De los aproximadamente quince minutos que esperé a que se efectuara mi depósito en el banco, escuché que al menos unas ocho personas fueron incapaces de enviarle dinero a alguien por culpa de haber anotado mal los datos del destinatario o porque acusaban una ceguera que les incapacitaba el leer los nombres y la información del papel donde los llevaban anotados. Por lo mismo, me quedé pensando que con aquella falencia esas personas podían ser fácilmente presa de los embaucadores y/o aprovechadores que a menudo pululan por ahí.
            Entonces recordé un artículo (o el capítulo de un programa) que señalaba que el índice de analfabetos en nuestro país es mucho más alto de lo que imaginamos; no tengo clara la cifra, por supuesto, pero me dio qué pensar. Toda esa ignorancia, sumada al miedo al ridículo y la vergüenza, había provocado que esas personas no fueran capaces ni siquiera de intentar aprender algo: sólo recordaban ciertas directrices de palabras, identificar unas cuantas de ellas para salir del paso en el día a día, algo así como memorizar señaléticas rutinarias para fingir que no había problema en comprenderlas. Cosa curiosa, porque los analfabetos pueden recibir mensajes de otros (tamizados y totalmente manipulados) pero no expresar los propios; porque claro, se han habituado tanto a ciertos elementos, que digerirlos les es fácil. Pero a la hora de tratar el proceso, ¿dónde queda la dilucidación de lo bueno y lo malo?
            El no saber leer ni escribir no es un pecado: es un mal que nos hace prisioneros de la verdad de otro, de los que quieren aprovecharse de los que no aprendieron nunca y viven en la ignorancia.

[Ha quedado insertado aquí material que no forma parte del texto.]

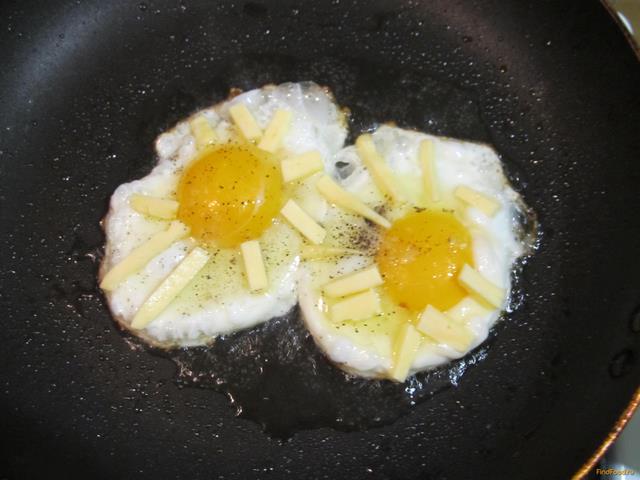 Яичница с сыром рецепт с фото 3-го шага 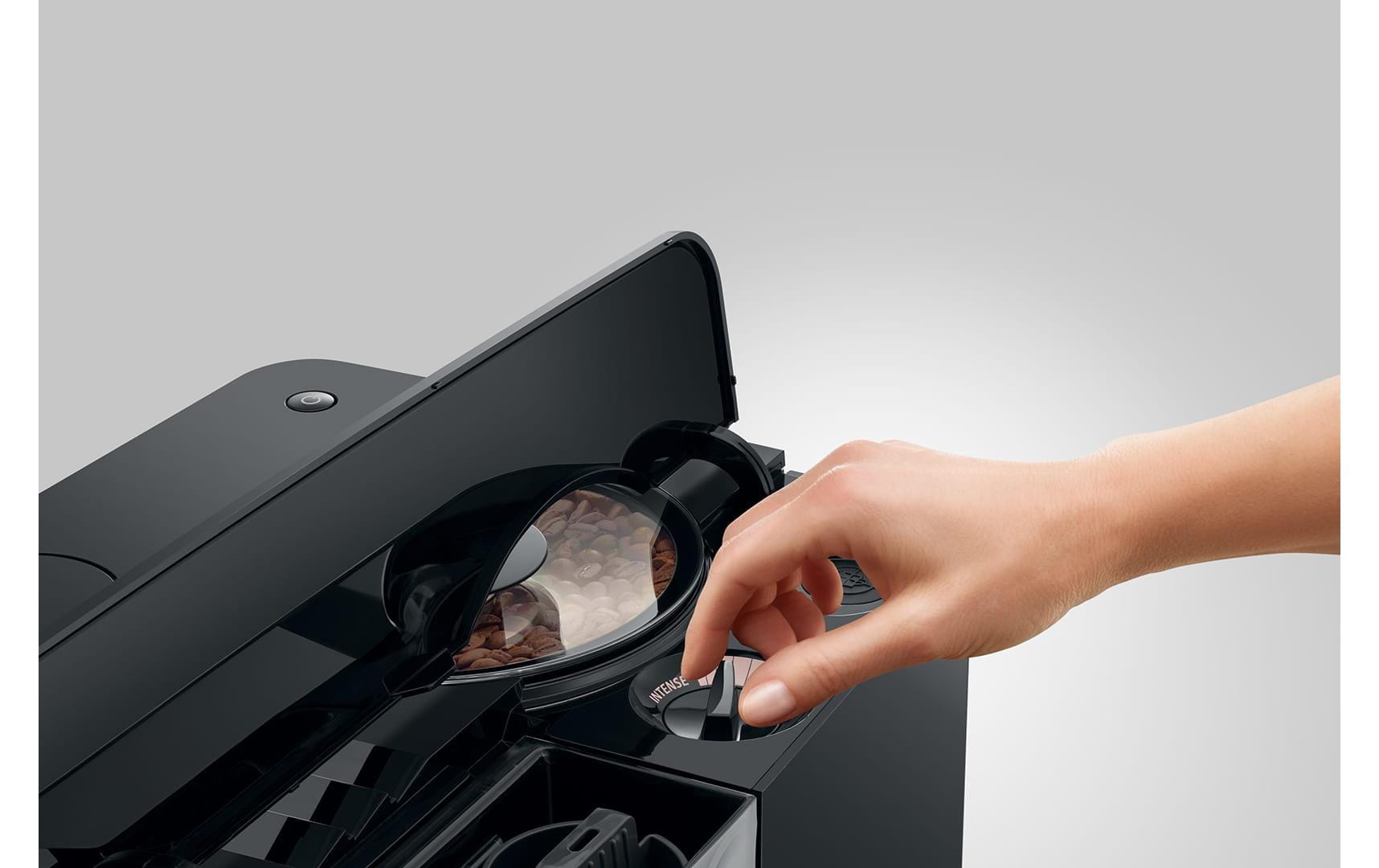 Kaffeevollautomat C8 Piano Black (SA)<br>Vollautomat für eine grosse Auswahl an Kaffee- und Milchspezialitäten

            Cosa de ver la televisión hoy en día: incluso en los noticieros –médula del saber y la “actualidad” (así, entre comillas)– la ausencia de ciertas reglas gramaticales y la ineficacia de escribir algunas palabras de la manera correcta, me hacen pensar que todo esto es adrede, parte de un plan de estupidización –palabra no existente en el diccionario– poblacional que no tardará en causar estragos en nuestra sociedad. Pensemos en los jóvenes que para optimizar tiempo en conversaciones virtuales han deformado el lenguaje hasta convertirlo en algo inentendible y burdo; ni hablar de la violación que han sufrido las pausas, los puntos y las comas, que ya ni parecen existir. Incluso afiches publicitarios tanto de empresas como del Gobierno carecen del uso completo de signos de exclamaciones e interrogación, además de las tildes y su posicionamiento correcto.

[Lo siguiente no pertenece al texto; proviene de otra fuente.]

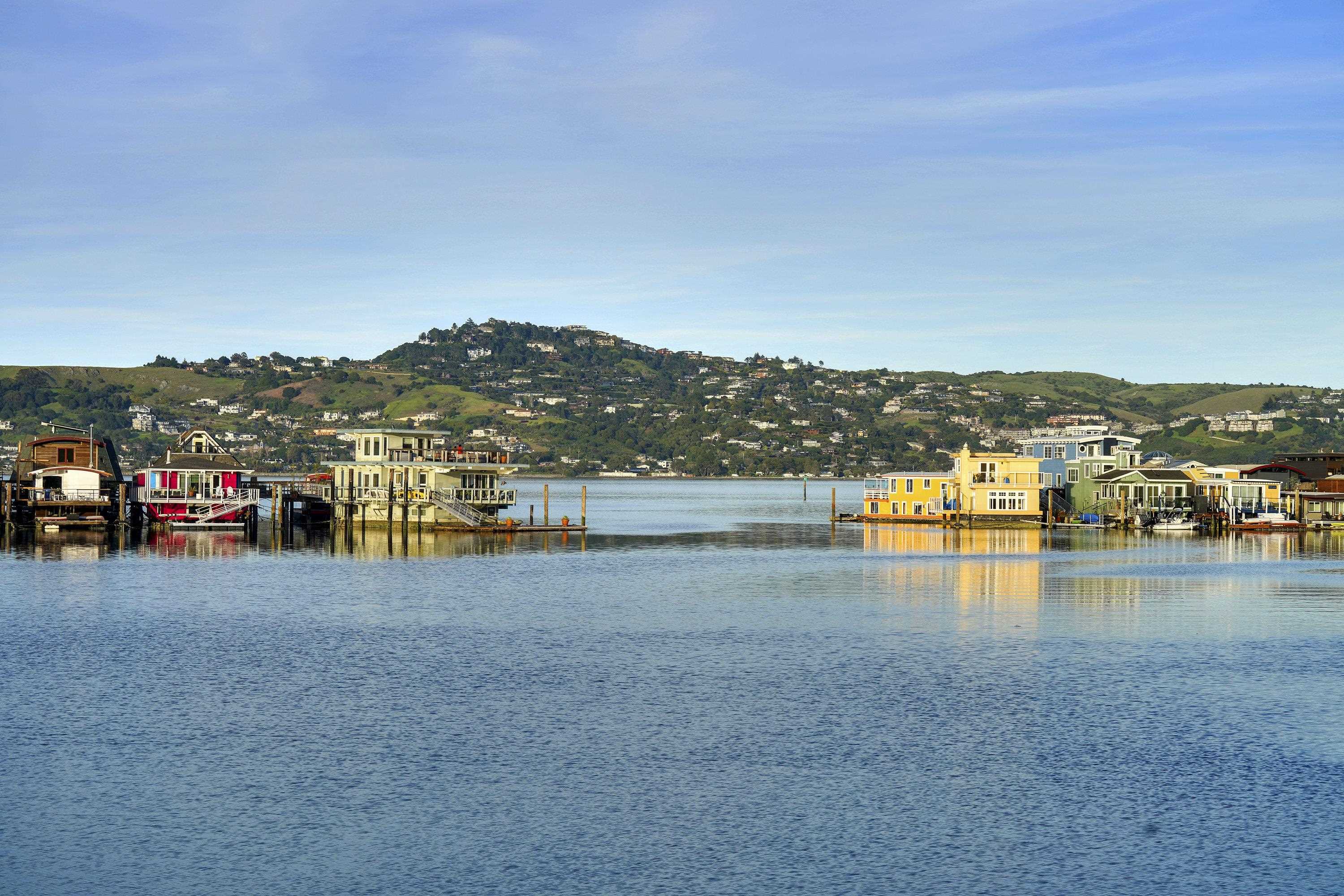 Detail Gallery Image 51 of 51 For 155 Headlands Ct, Sausalito,  CA 94965 - 2 Beds | 2/1 Baths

            Nos estamos transformando lentamente en monos o en algo peor que eso: porque creemos estar inmersos en algo en lo que realmente no estamos, o eso nos hacen creer. Porque ellos –los interesados en que perdamos nuestras ideas y reticencia– nos ilusionan haciéndonos pensar que somos inteligentes, pero en verdad nos están metiendo el dedo en la boca desde hace ya bastante tiempo.
            Es por eso que el lenguaje es algo tan importante para nosotros: porque es nuestro santuario, nuestro baluarte en este conflicto, un lugar, un punto donde situarnos, organizar nuestras ideas y plantearse si lo que dice (o escriba o explique) el otro es cierto, correcto o positivo para nuestra vida.

Así como las personas del banco que por no poder (o saber) leer, pudieron haber depositado el dinero en la cuenta equivocada, haber sido estafados o fácilmente robados. Lo vemos a diario pero de forma intangible: porque el no saber nada es terrible y vergonzoso como todos bien lo creen –como si fuera una doctrina, una ley universal–. Si no hacemos algo pronto, lo perderemos todo, nuestra última esperanza en poder realizar un cambio bueno para con nuestra realidad. Hay que recordar que la ignorancia, como dijo Quique Neira, es nuestro peor enemigo, la madre de todos nuestros problemas.